The first thing we need to do is take a quick crash course in what a router does. Most people want to treat a router like a phone jack splitter, but if you do this you’re going to run into a lot of problems without having the faintest clue why. The truth is a router does far more than just split up your DSL or cable connection to several computers. It also has to assign unique addresses to each computer on your network, determine which computers are actually on and active on the network, and act as a postmaster delivering data to and from the right computers. If you have wireless it maintains and (hopefully) encrypts the connection, and in some instances your router also initiates the connection to your internet provider.
Any cheap router off the shelf will do all these things. Some will do these things better than others, and toss in a few neat features, but at a higher price. I’m going to show you how to build a firewall with features and functionality that would cost you several hundred dollars, for just the price of a very low performance computer, a cd-rom, and a couple network cards. I was fortunate enough to have an old Pentium 2 given to me, and to have a couple network cards laying around, so I was able to purchase a wireless card and have a working wireless router and firewall within an hour for $40.
So let’s talk turkey. You need at a bare minimum a Pentium 1 with 128 MB of RAM,a CD-ROM drive, and a 1 GB hard drive. You also need at least two network cards. This sort of hardware can be found in dumpsters, thrift shops, garage sales, etc. Seriously, it’s hard not to trip over this in everyone’s garbage. If all else fails you can pick up something on eBay for pocket change. My recommended specifications are a Pentium 2 with 256 MB of RAM, a CD-ROM drive, a 5 GB hard drive, two network cards, and a wireless card based on the Atheros chipset, such as any recent cards made by NetGear. For network cards I recommend NetGear or 3com. If you are going to have more than one computer connected directly to the router with an ethernet cable, you will need to get a switch.
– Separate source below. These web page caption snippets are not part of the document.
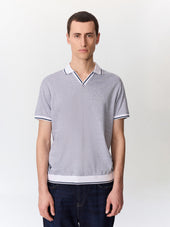 Polo Regular En Maille Bleu Marine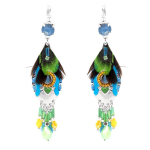 Les Tr&eacute;sors De Lily [Q1048] - Dormeuses Cr&eacute;ateur 'Acapulco' bleu vert argent&eacute; - 65x18 mm mėlyna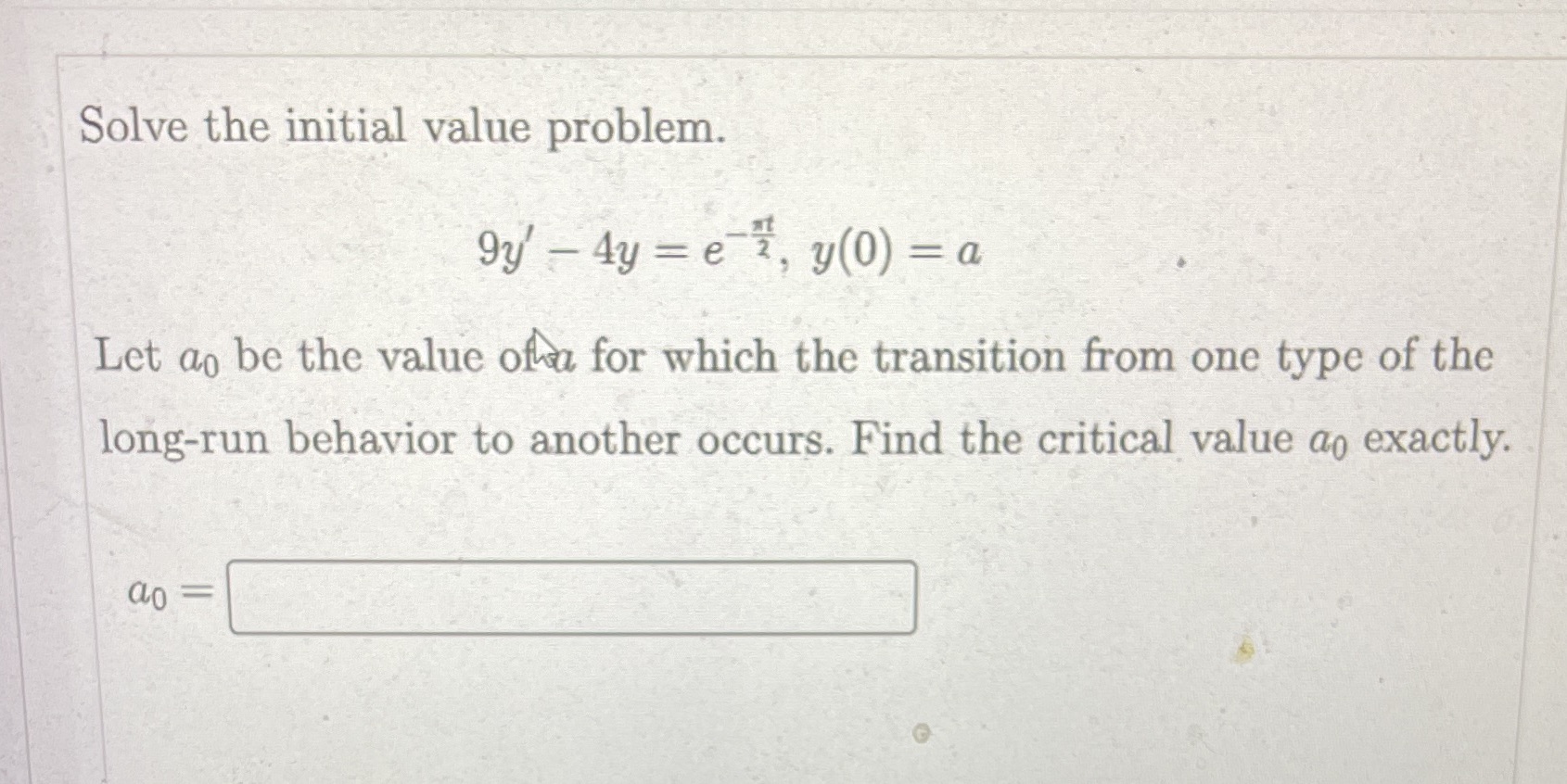 Please be clear Solve the initial value problem.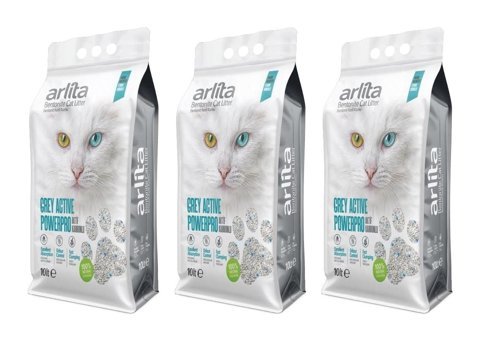 Arlita Fresh Kokulu Topaklanan İnce Taneli Aktif Karbonlu Bentonit Kedi Kumu 3x10 lt
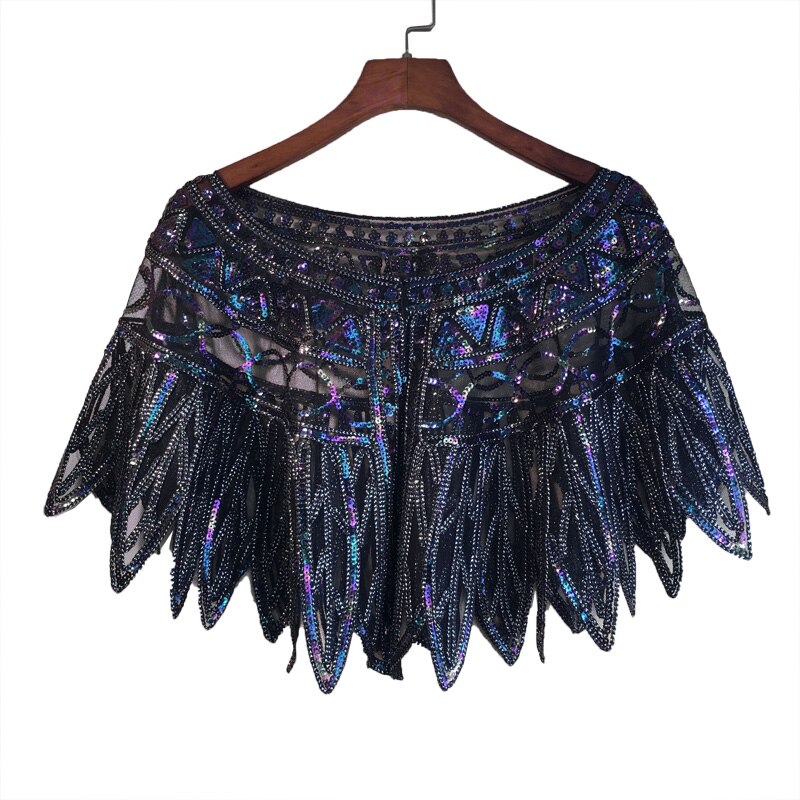 JaneVini, capa de lentejuelas ostentosas y ostentosas para mujer, estolas nupciales con cuentas para boda, chaqueta negra dorada, vestido de noche para , Boleros, tapetes: Black Multicolor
SMC switches are good and cost around $20-$30 for a 5 or 8 port model. This will set you up with a pretty beefy system, and you should be able to meet these specs for well under $100.
Installation
Once you’ve got your hardware together, you’ll need to download a copy of pfSense and burn it to CD. Boot up your firewall with the CD in. Make sure you set your BIOS to boot from CD, and you should see the LiveCD start booting up. At one point in the boot process, the system will stop and ask you to configure your network connections. Make sure all the ethernet cables are unplugged from the box. The first one you’ll need to configure is the LAN interface, so hit “a” for autoconfigure and you will be prompted to connect the LAN interface and verify the link. Take the ethernet cable that goes to your internal network and plug it in to whichever network card you like, then hit enter. It should say linkup detected on interface xl0 or rl0 and proceed to ask you to configure the WAN interface. Take the ethernet cable from your DSL or cable modem and plug it into the other network card, then hit enter. If all goes well it will detect a linkup again and prompt you to enter the interface name of the optional interface. If you decided to go wireless, and took my advice and got an Atheros card, you can enter ath0 here and hit enter, then hit enter again when it prompts for the second optional interface.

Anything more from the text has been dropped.